Moreover, the exploration of Reactome Pathway analysis unveils the specific molecular pathways and signaling cascades wherein DMGs are implicated. By integrating DisGeNET Disease and Disease Ontology analysis, researchers gain valuable insights into the association of DMGs with particular diseases and disease-related terms, providing crucial clues regarding the potential role of DNA methylation in disease pathogenesis.
Undoubtedly, the in-depth functional analysis of DMGs enables researchers to foster a comprehensive comprehension of the intricate interplay between DNA methylation changes and diverse biological processes. Consequently, this endeavor facilitates the formulation of hypotheses concerning the regulatory roles of DNA methylation and its implications in various physiological and pathological contexts. Ultimately, the amalgamation of epigenetic and functional genomics data significantly contributes to a profound understanding of gene regulation and the complexity underpinning cellular processes.
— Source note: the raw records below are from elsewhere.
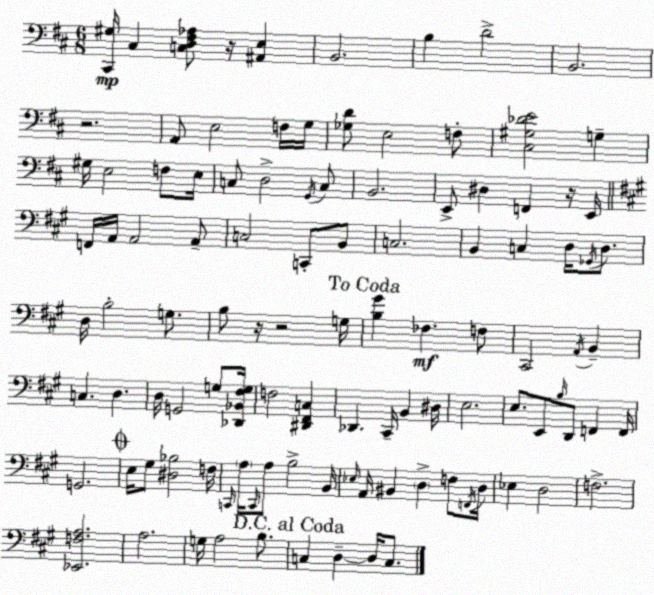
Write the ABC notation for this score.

X:1
T:Untitled
M:6/8
L:1/4
K:D
[^C,,^G,]/4 ^C, [C,D,^F,_A,]/2 z/4 [^A,,E,] B,,2 B, D2 B,,2 z2 A,,/2 E,2 F,/4 G,/4 [_G,D]/2 E,2 F,/2 [^C,^G,_DE]2 G, ^G,/4 E,2 F,/2 E,/4 C,/2 D,2 G,,/4 C,/2 B,,2 E,,/2 ^D, F,, z/4 E,,/4 F,,/4 A,,/4 A,,2 A,,/2 C,2 C,,/2 B,,/2 C,2 B,, C, D,/4 _G,,/4 D,/2 D,/4 B,2 G,/2 B,/2 z/4 z2 G,/4 [B,^G] _F, F,/2 ^C,,2 A,,/4 B,, C, D, D,/4 G,,2 G,/2 [_D,,_B,,^F,G,]/4 F,2 [^D,,^F,,C,] _D,, ^C,,/4 B,, ^D,/4 E,2 E,/2 E,,/2 B,/4 D,,/2 F,, F,,/4 G,,2 E,/4 ^G,/2 [^D,_B,]2 F,/4 C,,/4 A,/4 C,,/4 A,/2 B,2 B,,/4 _E,/4 A,,/4 ^B,, D, F,/2 F,,/4 D,/4 _E, D,2 F,2 [_E,,F,A,]2 A,2 G,/4 A,2 B,/2 C, D, D,/4 C,/2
The differential methylation level detection and analysis workflow described above involve several key steps, including DMR detection, DMR annotation, functional analysis of differentially methylated genes (DMGs), and visualization of DMRs. This comprehensive approach allows researchers to identify regions with significant DNA methylation changes, understand their potential functional implications, and visualize the results for better interpretation.
(1) Differential Methylation Region (DMR) Detection
DMRs are detected using the metilene software, which employs a binary segmentation algorithm combined with double statistical tests (MWU-test and 2D KS-test).
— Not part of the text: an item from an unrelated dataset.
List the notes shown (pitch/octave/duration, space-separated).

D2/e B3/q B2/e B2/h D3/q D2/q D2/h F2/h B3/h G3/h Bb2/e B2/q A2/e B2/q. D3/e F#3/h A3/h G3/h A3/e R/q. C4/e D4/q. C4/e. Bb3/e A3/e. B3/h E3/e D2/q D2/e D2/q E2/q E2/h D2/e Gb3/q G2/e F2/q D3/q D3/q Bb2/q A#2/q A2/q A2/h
The following criteria are used to define DMRs:
CpG sites that meet these criteria are used to define the differentially methylated regions.
(2) Differential Methylation Region (DMR) Annotation
The identified DMRs are annotated to genebody and promoter regions, respectively. This step helps link the DMRs to specific genes and understand their potential regulatory implications on gene expression.
(3) Functional Analysis of Differentially Methylated Genes (DMGs)
GO (Gene Ontology) and KEGG (Kyoto Encyclopedia of Genes and Genomes) enrichment analysis is performed to study the functions of the DMGs. The enrichment of DMGs in GO terms and KEGG pathways is analyzed using a Hypergeometric distribution test. This analysis provides insights into the biological processes and pathways influenced by the differential DNA methylation.
(4) Visualization of Differentially Methylated Regions (DMRs)
Due to the large number of DMRs, the top 20 DMRs with Q-value (adjusted p-value) are selected for visualization.
By following this workflow, researchers can identify and characterize differentially methylated regions, gain insights into the potential functional consequences of DNA methylation changes, and effectively visualize the results to aid in data interpretation and hypothesis generation.